Cat In The Hat Steven Tyler of Aerosmith helps rock the house at a sold-out Joyce Center on Sunday night. Aerosmith Pleases Mixed Crowd

By Miles White, Tribune Staff Writer

"Oh, my God," a young woman screamed as Steve Tyler shook his rail-thin moneymaker in silhouette behind an elaborately painted streamer

"Come on, Baby," he teased the crowd, milking the thunderous applause before -- amid explosions, smoke, and piercing guitars -- rock supergroup Aerosmith launched a full-scale assault on the University of Notre Dame's Joyce Center on Sunday night in what has to be on of the best live musical performances here in recent memory.

The 28-year-old band put most contemporary rock groups to shame, putting on a vigorous two-hour glam rock spectacle that didn't slack on the music. From the outset, the band set a pace that didn't slow through the first five songs, careening from "Love in an Elevator," "Falling in Love (Is Hard on the Knees)" "Eat the Rich" and "Rag Doll" before stopping to draw breath while Tyler and lead guitarist Joe Perry worked both sides of the stage-in-the-round.
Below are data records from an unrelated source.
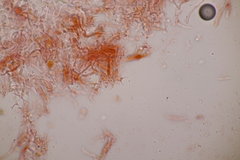 Zyzygomyces physciacearum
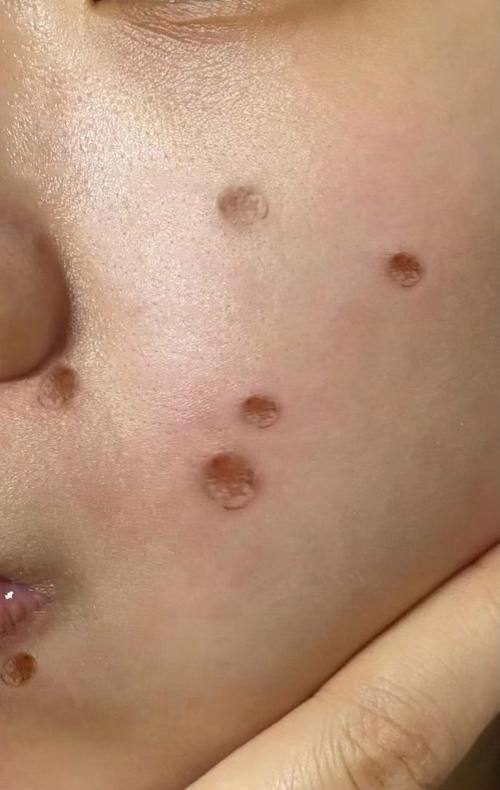 绵阳江油余强白天鹅医疗美容整形诊所收费价格表/收费标准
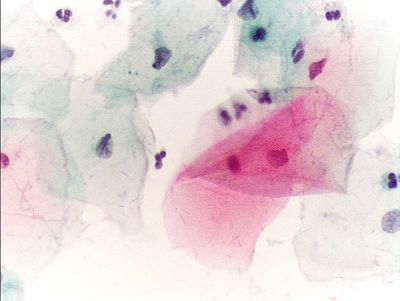 Papanicolau stain - cytology
Pap test, Papanicolau stain, 400x. Normal squamous epithelial cells in a premenopausal women. (Description text from the Wikimedia Commons file page.)

Source: Slide files from Hospital of Mionfalcone (Italy)
Author:  Alex_brollo, via Wikimedia Commons. 

Original file source: [url=https://commons.wikimedia.org/wiki/File:Pap_test_normal.jpg] https://commons.wikimedia.org/wiki/File:Pap_test_normal.jpg[/url]

Title: "Pap test normal.jpg"

No changes were made to the original image downloaded.  

Permission is granted to copy, distribute and/or modify this document under the terms of the GNU Free Documentation License, Version 1.2 or any later version published by the Free Software Foundation; with no Invariant Sections, no Front-Cover Texts, and no Back-Cover Texts. A copy of the license is included in the section entitled GNU Free Documentation License. [url=https://commons.wikimedia.org/wiki/Commons:GNU_Free_Documentation_License,_version_1.2]https://commons.wikimedia.org/wiki/Commons:GNU_Free_Documentation_License,_version_1.2[/url]

This file is licensed under the Creative Commons Attribution-Share Alike 3.0 Unported license. [url=https://creativecommons.org/licenses/by-sa/3.0/deed.en/]https://creativecommons.org/licenses/by-sa/3.0/deed.en/[/url]

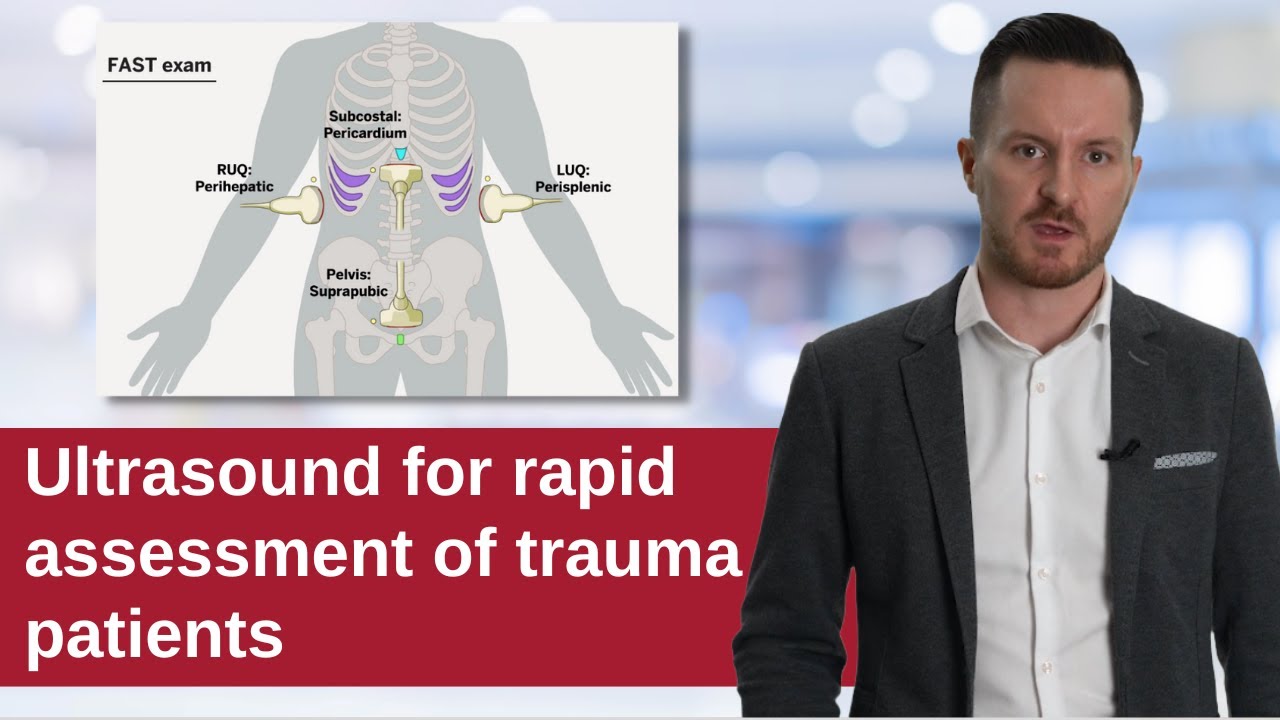 FAST Exam: Focused Assessment With Sonography In Trauma - YouTube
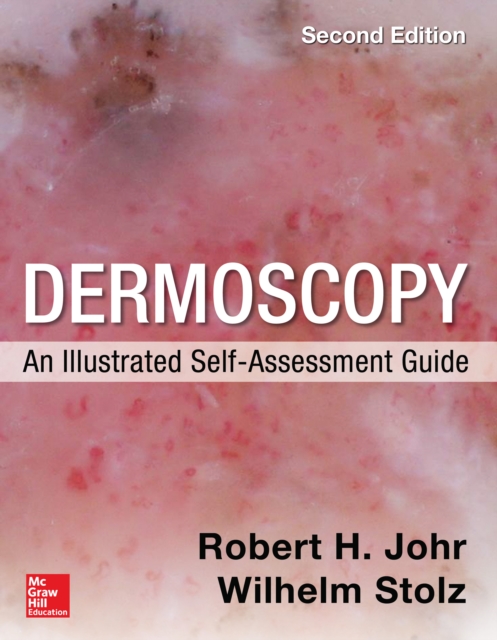 Dermoscopy: An Illustrated Self-Assessment Guide, EPUB eBook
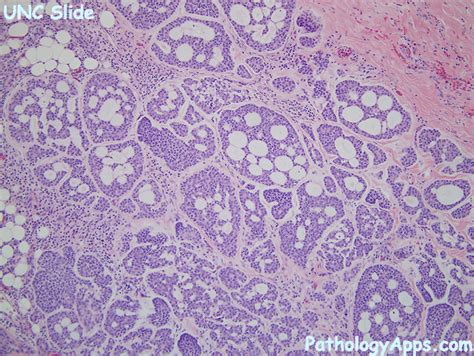 Adenoid Histology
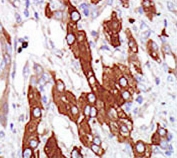 IHC testing of FFPE human cancer tissue with SGK3 antibody. HIER: steam section in pH6 citrate buffer for 20 min and allow to cool prior to staining.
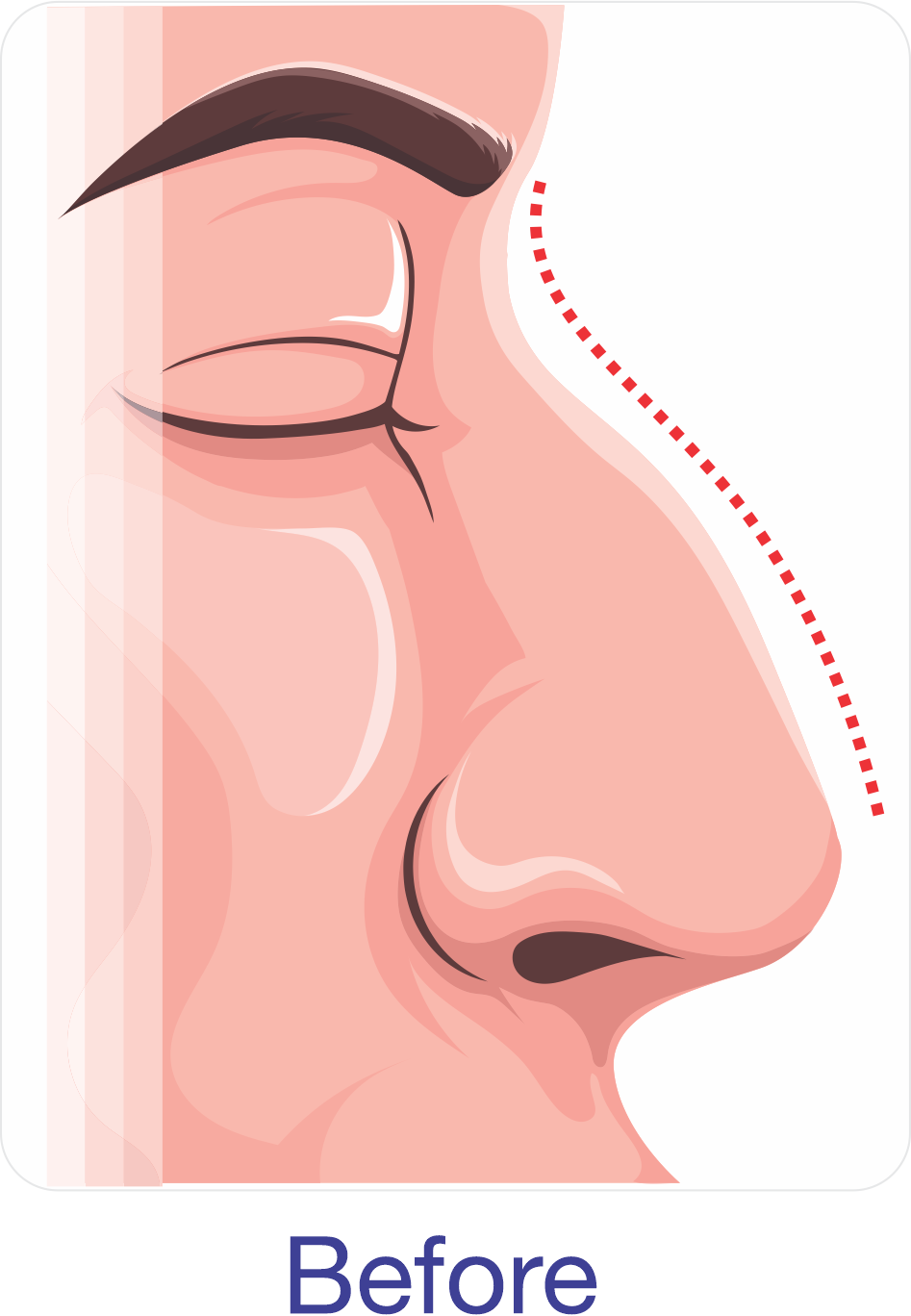 Rhinoplasty before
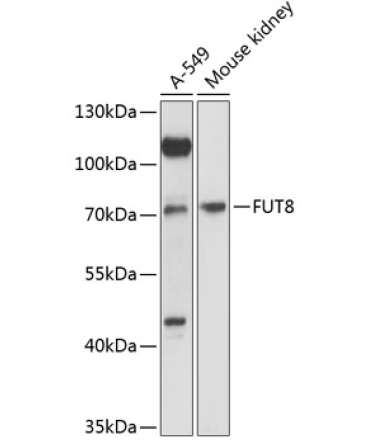 FUT8 Rabbit Polyclonal Antibody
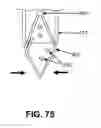 Fig. 74 - KNOTLESS SUTURE ANCHOR FOR SECURING SOFT TISSUE TO BONE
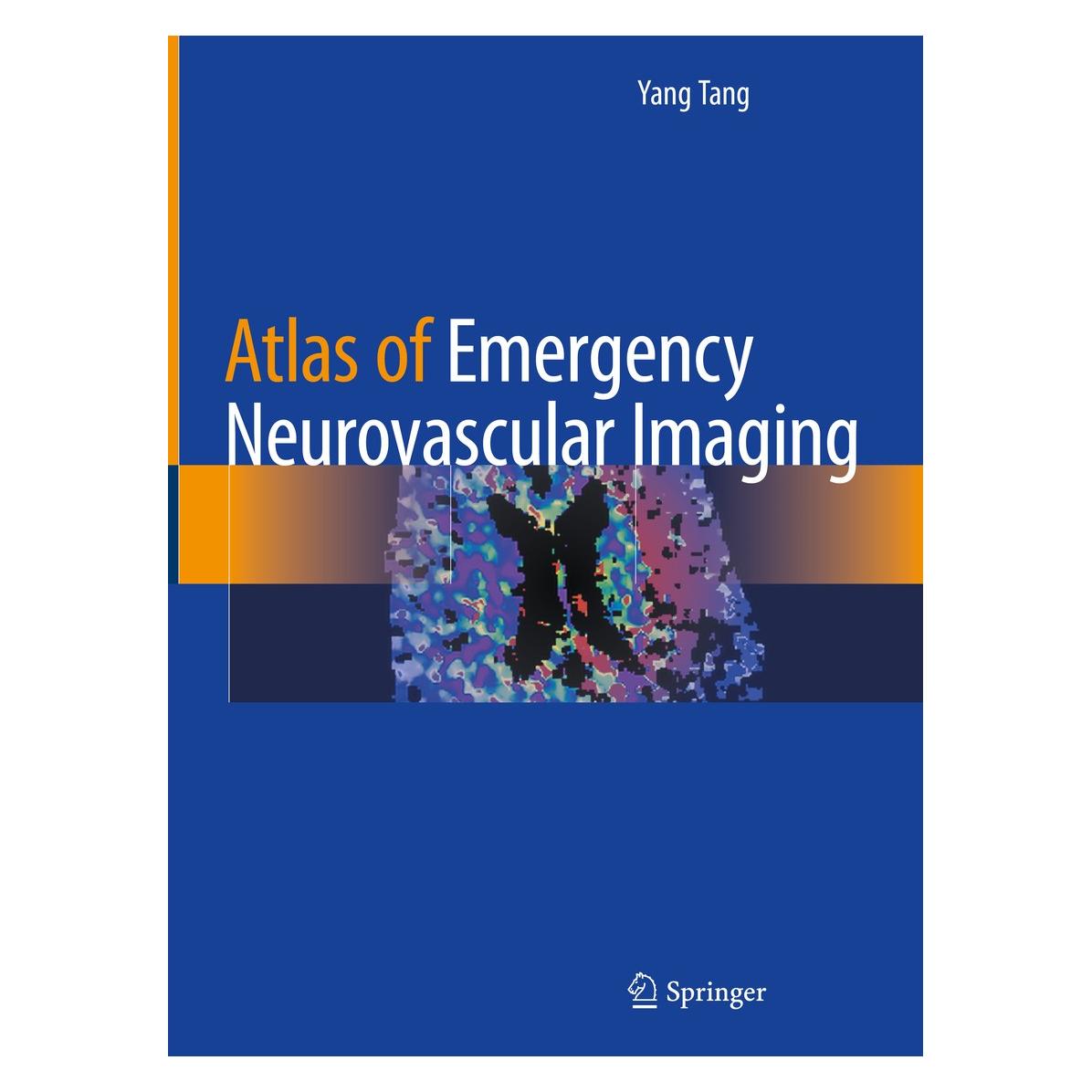 Springer Tang:Atlas of Emergency Neurovascular I (Englisch, Hardcover, Yang Tang) (9783030436537)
One of the triumphs of the evening for this group was in the multi-generational crowd it drew to the sold-out show -- youngsters in their teens, families and graying baby boomers were on their feet through most of the show. Many knew the songs and others did not, but the enthusiasm in the arena was as infectious as Tyler's childlike effervescence.

Tyler, in fact, seemed to gain strength as the night wore on, strutting and pouncing from one end of the high-tech stage to the other, in a show of seemingly endless energy. On ballads like "Dream On" and "What it Takes" Tyler demonstrated remarkable versatility and emotional range, with his powerful, piercing falsetto intact, while on up-tempo numbers he screamed and shouted well above the band.

An hour into the set, the band launched into a scorching Joe Perry blues vocal, with Tyler contributing more than credible harmonica backup. The band threw the audience a curve with a spirited version of the James Brown tune "Mother Popcorn," and with hardly a road marker, segued into "Walk This Way" while pyrotechnics shot into the air.

Critics of the band's recent $30 million deal with Columbia/Sony Records five years ago may have underestimated the band's ongoing musical appeal and live popularity. Collectively, Aerosmith is younger than the Rolling Stones, a band they are often compared to, have a stage persona that is arguably fresher, and a front man who manages easily to be more engaging and entertaining than Mick Jagger.

If this concert was any indication, Aerosmith will be making better music when the Stones have long since folded their tents and left the game.